Extrait du corrigé : Tous les objets des inclinations n'ont qu'une valeur conditionnelle ; car, si les inclinations et les besoins qui en dérivent n'existaient pas, leur objet serait sans valeur. Mais les inclinations mêmes, comme sources du besoin, ont si peu une valeur absolue qui leur donne le droit d'être désirées pour elles-mêmes, que, bien plutôt, en être pleinement affranchi doit être le souhait universel de tout être raisonnable. Ainsi la valeur de tous les objets à acquérir par notre action est toujours conditionnelle. Les êtres dont l'existence dépend, à vrai dire, non pas de notre volonté, mais de la nature, n'ont cependant, quand ce sont des êtres dépourvus de raison, qu'une valeur relative, celle de moyens, et voilà pourquoi on les nomme des choses ; au contraire, les êtres raisonnables sont appelés des personnes, parce que leur nature les désigne déjà comme des fins en soi, c'est-à-dire comme quelque chose qui ne peut pas être employé simplement comme moyen, quelque chose qui par suite limite d'autant toute faculté d'agir comme bon nous semble (et qui est un objet de respect) ". (" Fondements de la métaphysique des moeurs "). En sommant l'homme de sortir des nimbes d'un sommeil que l'on pourrait qualifier de dogmatique, les "Lumières" affirme le primat de la détermination pratique sur le savoir théorique . Passage de la contemplation à la responsabilisation. [Il. Une pensée isolée n'est pas garante de vérité - Le danger du solipsisme et du relativisme]Si chacun refuse de partager une quelconque pensée avec autrui, si chacun préfère son indépendance à l'échange et à la recherche collective de la vérité, tous ne courent-ils pas vers la tentation de l'arbitraire ? Il est souvent répandu que chacun pourrait détenir sa vérité : l'adage ne dit-il pas : « chacun sa vérité » ?

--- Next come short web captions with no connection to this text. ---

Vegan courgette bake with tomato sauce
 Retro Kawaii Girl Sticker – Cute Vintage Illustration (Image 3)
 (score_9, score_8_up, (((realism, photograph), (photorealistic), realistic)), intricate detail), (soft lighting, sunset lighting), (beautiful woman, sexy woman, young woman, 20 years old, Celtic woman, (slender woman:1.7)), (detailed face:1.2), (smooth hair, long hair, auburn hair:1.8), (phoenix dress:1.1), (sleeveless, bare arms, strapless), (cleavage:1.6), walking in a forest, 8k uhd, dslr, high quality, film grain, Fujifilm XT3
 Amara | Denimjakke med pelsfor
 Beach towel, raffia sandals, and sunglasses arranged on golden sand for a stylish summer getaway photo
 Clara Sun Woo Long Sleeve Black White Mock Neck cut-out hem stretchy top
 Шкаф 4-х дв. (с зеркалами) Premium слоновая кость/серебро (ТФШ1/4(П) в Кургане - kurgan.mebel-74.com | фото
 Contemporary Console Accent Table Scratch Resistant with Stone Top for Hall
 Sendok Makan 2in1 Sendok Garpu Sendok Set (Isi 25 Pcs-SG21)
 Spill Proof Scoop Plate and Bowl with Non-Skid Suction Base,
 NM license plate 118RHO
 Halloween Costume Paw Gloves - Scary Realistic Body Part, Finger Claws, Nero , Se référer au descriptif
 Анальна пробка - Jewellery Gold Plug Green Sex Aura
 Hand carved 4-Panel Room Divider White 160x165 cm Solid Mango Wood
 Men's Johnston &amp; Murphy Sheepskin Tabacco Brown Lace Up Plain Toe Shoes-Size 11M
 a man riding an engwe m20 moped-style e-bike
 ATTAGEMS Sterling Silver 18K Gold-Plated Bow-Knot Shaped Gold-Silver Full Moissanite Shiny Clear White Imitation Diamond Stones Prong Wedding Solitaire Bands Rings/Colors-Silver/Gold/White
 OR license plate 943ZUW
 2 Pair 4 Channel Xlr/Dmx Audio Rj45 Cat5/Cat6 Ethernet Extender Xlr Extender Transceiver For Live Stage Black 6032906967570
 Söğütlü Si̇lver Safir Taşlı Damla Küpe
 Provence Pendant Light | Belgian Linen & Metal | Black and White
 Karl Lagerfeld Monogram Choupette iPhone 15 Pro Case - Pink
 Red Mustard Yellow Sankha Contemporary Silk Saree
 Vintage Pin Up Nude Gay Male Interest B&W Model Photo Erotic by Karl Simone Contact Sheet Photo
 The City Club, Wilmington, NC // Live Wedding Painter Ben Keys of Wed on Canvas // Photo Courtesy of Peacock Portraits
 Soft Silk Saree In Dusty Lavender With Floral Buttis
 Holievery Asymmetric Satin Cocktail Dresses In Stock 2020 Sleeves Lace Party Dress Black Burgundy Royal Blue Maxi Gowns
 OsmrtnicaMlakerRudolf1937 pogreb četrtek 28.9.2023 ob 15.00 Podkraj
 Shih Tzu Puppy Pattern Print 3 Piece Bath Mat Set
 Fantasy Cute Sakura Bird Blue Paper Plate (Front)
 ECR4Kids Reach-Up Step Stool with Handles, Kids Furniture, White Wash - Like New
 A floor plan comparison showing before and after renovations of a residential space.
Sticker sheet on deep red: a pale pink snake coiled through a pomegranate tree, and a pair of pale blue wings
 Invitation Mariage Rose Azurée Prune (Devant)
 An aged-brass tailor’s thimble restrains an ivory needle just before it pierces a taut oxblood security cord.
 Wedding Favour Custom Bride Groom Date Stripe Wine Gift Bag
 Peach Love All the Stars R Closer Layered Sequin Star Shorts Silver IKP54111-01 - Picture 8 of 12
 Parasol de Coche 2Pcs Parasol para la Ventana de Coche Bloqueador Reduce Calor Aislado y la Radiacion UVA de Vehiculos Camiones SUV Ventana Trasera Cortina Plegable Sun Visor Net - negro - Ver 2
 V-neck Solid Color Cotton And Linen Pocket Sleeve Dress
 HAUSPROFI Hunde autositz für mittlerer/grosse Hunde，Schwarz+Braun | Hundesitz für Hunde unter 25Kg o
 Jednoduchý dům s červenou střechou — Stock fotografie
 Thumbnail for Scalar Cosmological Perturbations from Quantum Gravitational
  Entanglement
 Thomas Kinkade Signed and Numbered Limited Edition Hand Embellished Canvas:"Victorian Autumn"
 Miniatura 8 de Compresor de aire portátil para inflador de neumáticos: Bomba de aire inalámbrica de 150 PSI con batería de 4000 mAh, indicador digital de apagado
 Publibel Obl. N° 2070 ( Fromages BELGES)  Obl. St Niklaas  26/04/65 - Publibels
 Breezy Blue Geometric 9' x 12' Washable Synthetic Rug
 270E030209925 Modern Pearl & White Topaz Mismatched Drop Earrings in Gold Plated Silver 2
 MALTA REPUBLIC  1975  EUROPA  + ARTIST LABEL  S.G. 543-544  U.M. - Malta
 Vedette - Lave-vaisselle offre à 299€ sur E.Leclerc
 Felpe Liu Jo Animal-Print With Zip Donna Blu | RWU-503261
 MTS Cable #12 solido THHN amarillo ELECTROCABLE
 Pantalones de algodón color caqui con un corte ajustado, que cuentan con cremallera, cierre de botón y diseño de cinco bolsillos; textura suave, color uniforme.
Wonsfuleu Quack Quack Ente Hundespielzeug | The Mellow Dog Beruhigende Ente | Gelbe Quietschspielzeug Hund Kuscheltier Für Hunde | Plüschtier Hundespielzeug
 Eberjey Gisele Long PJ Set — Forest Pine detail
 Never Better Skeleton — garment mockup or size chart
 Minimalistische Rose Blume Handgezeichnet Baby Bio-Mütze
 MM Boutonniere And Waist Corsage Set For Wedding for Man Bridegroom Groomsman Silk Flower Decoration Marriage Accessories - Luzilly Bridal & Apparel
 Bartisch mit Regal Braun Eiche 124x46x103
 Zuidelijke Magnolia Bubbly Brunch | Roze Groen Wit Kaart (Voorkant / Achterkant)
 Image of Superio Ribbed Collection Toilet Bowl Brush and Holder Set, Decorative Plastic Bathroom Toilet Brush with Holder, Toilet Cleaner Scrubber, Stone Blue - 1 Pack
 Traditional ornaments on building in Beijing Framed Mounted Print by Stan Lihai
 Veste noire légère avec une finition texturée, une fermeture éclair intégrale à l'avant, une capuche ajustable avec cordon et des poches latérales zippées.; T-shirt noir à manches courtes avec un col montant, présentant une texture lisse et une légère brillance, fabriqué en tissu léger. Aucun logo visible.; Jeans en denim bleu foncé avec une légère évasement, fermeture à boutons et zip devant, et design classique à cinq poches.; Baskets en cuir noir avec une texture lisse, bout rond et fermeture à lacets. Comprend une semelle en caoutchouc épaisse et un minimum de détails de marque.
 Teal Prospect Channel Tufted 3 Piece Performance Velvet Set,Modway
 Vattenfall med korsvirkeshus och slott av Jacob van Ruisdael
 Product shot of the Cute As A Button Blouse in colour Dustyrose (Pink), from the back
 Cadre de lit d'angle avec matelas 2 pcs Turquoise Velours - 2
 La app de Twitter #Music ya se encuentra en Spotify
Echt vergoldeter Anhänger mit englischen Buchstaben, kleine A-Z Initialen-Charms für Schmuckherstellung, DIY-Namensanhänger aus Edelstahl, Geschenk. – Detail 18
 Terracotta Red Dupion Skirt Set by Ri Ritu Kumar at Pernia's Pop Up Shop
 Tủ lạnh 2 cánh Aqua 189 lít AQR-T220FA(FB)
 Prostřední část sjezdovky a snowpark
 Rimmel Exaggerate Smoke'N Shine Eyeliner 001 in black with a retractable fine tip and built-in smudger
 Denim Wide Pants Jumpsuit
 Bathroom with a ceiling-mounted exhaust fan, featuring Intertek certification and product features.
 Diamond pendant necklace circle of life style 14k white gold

Corrigé de 3809 mots (soit 6 pages) directement accessible
Le corrigé du sujet " Peut-on penser par soi-même sans se soucier de ce que pense les autres? " a obtenu la note de : aucune note
par réponse soucier autres vivre soi-même d'une limites penser conscience illusions exacte mort l'art dévoilement être pense question vérité sans "qui d'autrui pensent suis-je heureux pas puis-je
Au premier abord, notre pensée semble pouvoir faire l'économie de celle des autres. Notre for intérieur ne semble pas avoir besoin du renfort d'autrui. Notre pensée est inviolable, inaliénable.
Pourtant, à y regarder de près, on ne peut pas non plus négliger totalement autrui, son existence et sa pensée. Ne risque-t-on pas, sinon, de sombrer dans le solipsisme ou le scepticisme ? Ne pas se soucier de la pensée d'autrui n'est-ce pas courir le risque du relativisme ("A chacun sa vérité") ?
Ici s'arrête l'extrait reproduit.